As I mentioned in a previous post, great images ask a question of the viewer…
One of my recent sources of inspiration is the street photographer Vivian Maier and the story of how her work was discovered.
If she had an antithesis it would have to be Gregory Crewdson.
Unlike Maier, who seemed to have an amazing ability to capture fleeting moments in time with an incredible knack for being in exactly the right spot at the right time, Crewdson goes to near outrageous lengths to craft his apparently fleeting photographic moments.
Working at a mind-boggling scale, Crewdson creates his highly crafted surreal images and are very cinematic.

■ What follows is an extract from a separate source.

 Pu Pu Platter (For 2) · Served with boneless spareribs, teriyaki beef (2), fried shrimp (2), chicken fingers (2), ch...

Highly orchestrated and contrived, each of his single images invokes a great “story response” from the viewer. He’s most interested in the urban and environment and especially the house and the way we interact with our home living spaces. These subjects seem on the surface kind of mundane, but peer deeper into the image and you’ll discover fantastic visual clues imbedded in the image that create a sense of unease and tension.

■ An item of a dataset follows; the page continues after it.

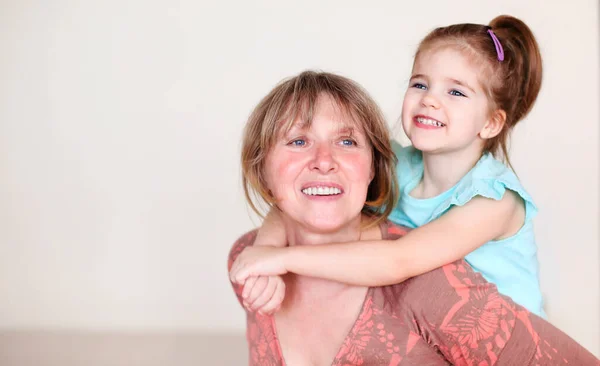 Smiling Middle Aged Grandmother Little Granddaughter Hugging Looking Camera While — Stock Photo, Image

He also seems to have the same sense of the moment when the image is created.
What I love about his work is that you really have to take in all the detail and think about what’s really going on. Like Maier, this *reading* process creates a narrative timeline that self-writes a story as you digest the visuals. His narratives are perhaps far more manufactured and less open than the naturalism of Maier. You feel Crewdson’s hand in the storytelling, but his images are so intriguing you still feel the need to lean into them to find out what’s going on.
His lighting is also highly stylised and he goes to great lengths to create his images, building elaborate sets and using cinema style lighting techniques to create images that on the surface appear serendipitous. He has a large crew to help in creating the work, just like on a motion picture set. In fact he’s really just like a director and I’ve read his work critiqued as a photographer for not being hands on enough. He does apparently though, do everything in camera. Whatever it takes, he’ll build a set or use real water for rain. No cloning or CG used.
I’m very much reminded of surrealist director’s like David Lynch when I look at Crewdson’s work.
Crewdson’s work invokes an unease and disquiet, like you’ve watching ordinary citizens in the midst of extraordinary events. These images are highly filmic and completely compelling.